Ilusiones felipistas aparte, sean cuales sean los resultados electorales, lo cierto es que la debacle del PSOE es ya una realidad. Con ello la oligarquía se encuentra sin ninguna baza política que jugar por la banda de la «izquierda» y sin ni siquiera poder contar por la banda de la derecha con una alternativa que le pueda ofrecer una mínima estabilidad. Ésa es la razón de que el desfondamiento felipista sea la consecuencia más destacada de la crisis y la que explica que ésta se haya agravado, poniendo de manifiesto el estrepitoso fracaso de la reforma política del régimen, de su intento de enmascarar su esencia fascista, de dotarse de una amplia base social y de legitimarse. Esto no quiere decir que la oligarquía vaya a adoptar las viejas formas de dominación fascista ya periclitadas. Por el contrario, va a hacer todo lo posible por mantener la parafernalia «democrática», al tiempo que intensifica y perfecciona sus medidas e instrumentos terroristas para hacer frente al movimiento de resistencia popular.

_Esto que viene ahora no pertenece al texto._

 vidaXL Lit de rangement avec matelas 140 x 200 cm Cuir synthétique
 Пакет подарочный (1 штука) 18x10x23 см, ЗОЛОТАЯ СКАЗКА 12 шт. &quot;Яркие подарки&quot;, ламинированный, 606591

No es casual que todos los partidos institucionales se hayan puesto de acuerdo y hayan echado mano de la «lucha contra la corrupción» para salvar al régimen. De esta forma, tratan de presentarse ante los trabajadores como los buenos de la película, al tiempo que lanzan el mensaje de que la corrupción nada tiene que ver con el Estado capitalista, sino que es obra de unos pocos aprovechados que empañan su imagen, etc.

En este empeño los cretinos de IU se están llevando la palma, ofreciéndose para poder seguir la labor de los felipistas o compartir la carga, si se tercia, desde alguna poltrona ministerial. Se trata, en suma, de aplicar la reforma laboral y el nuevo Código Penal y continuar la guerra sucia. Todo a más bajo precio.

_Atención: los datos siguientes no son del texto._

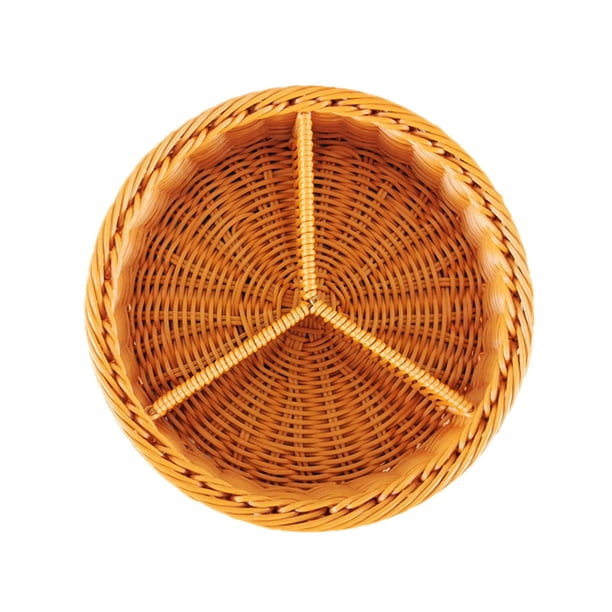 Cesta de Mimbre de Imitación, Bandeja para Aperitivos, Organizador de Cocina, Cesta de Pan Tejida de Mimbre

En esa dirección apunta la reciente creación del superministerio de la represión. ¿Qué se esconde tras esa iniciativa?

Cuando empezamos a denunciar que la tan cacareada «división de poderes» del llamado «Estado de Derecho» era una falacia, que las condenas impuestas por los jueces de ese Tribunal de Orden Público que es la Audiencia Nacional son dictadas por la policía, que los carceleros están a las órdenes del Ministerio del Interior al igual que en los tiempos de Franco, que las leyes y medidas terroristas introducidas por el nuevo Código Penal están destinadas a toda la población trabajadora, muchos no querían creérselo. Pues bien, en esa medida de «refundir» el Ministerio de Interior con el de Justicia está la prueba de que nuestras denuncias no eran fruto de una mente calenturienta. Con ello el Gobierno no hace más que reconocer abiertamente lo que ya de hecho existía. Pero con una variante: al frente del superministerio han puesto a todo un señor juez con aureola «progre» y «democrática» («defensor de los derechos humanos»), flanqueado por dos colegas del mismo corte. De esta forma tratan de presentar como el no va más de las «reformas democráticas» lo que no es más que una mayor centralización del aparato represivo, propia de un Estado fascista, destinada a hacer frente al ascenso del movimiento de masas; pues ya no son sólo un puñado de revolucionarios los que se enfrentan directamente al Estado. Aquí reside una de las principales razones de esta medida.

Lógicamente, el régimen y todos los partidos políticos que le sostienen van a intentar salir de nuevo de la crisis amañando entre bastidores una serie de acuerdos que no trascenderán al público. Por ahí apuntan los contactos mantenidos entre pepistas, peneuvistas y dirigentes de CiU, las conferencias del monarca con Pujol y los gestos de «firmeza» que éste ha exigido a don Felipe para mantener su pacto. Pero lo que más destaca en este tejemaneje es el intento de situar a los cretinos de IU, a cuya cabeza se encuentra el fantoche Anguita, como la nueva alternativa de «izquierda». Ése es el sentido de la campaña destinada a promoverle que están llevando determinados medios de propaganda, al tiempo que se multiplican las ridículas poses y declaraciones de este personajillo.

Es indudable que ese lacayuelo no está a la altura del papel que hasta ahora ha venido representando Felipe González al frente del Gobierno. Pero no por eso la oligarquía va a dejar de utilizarlo, presentándolo como un hombre «íntegro», como un «regenerador» de la vida pública española, al objeto de que los trabajadores le voten y legitimen de nuevo con su voto al régimen. ¿Es que Anguita y los que le rodean no han dado ya suficientes muestras de servilismo? ¿Acaso su comportamiento actual indica que vayan a hacer lo contrario de lo que han estado haciendo durante estos años? ¿Se puede esperar otra cosa de quienes reciben su sueldo del Estado capitalista?

Que los Felipe, Guerra y Anguita son todos unos canallas se sabe desde hace mucho tiempo. Pero si han podido mantener en pie el tinglado y cometer tantas fechorías, es porque los trabajadores se lo hemos permitido, prestando oídos a sus promesas o en otros casos capitulando ante sus chantajes. ¿No va siendo hora de abandonar esa línea de conducta, de rechazar toda ilusión, y darles la patada que merecen por tantos y tan repetidos engaños y abusos? ¿Cuál es la alternativa?

Es cierto que para mucha gente la revolución es un proyecto quimérico, mientras que para otros es un horizonte lejano y difícil. Sin embargo, no por eso podemos renunciar a él, ya que los obreros no tenemos otro. Pero en cualquier caso, si existe una salida para mejorar nuestra situación y no acabar en el abismo más negro, no la vamos a encontrar prestando apoyo al sistema que nos oprime y explota ni depositando nuestra confianza en el Gobierno de turno, sino mostrando nuestro rechazo más radical y haciendo aún más profunda la crisis que padecen. Hay que crearles al menos una situación en la que les sea imposible llevar a cabo su política antiobrera y antipopular.

Y eso no se va a conseguir, tal y como ya está sobradamente demostrado, refrendándola una y otra vez con el voto. ¡Que voten ellos, que se vean aislados y rechazados por los trabajadores! Hay que hacerles sentir de esta forma el odio y la repulsa que tienen tan merecidos.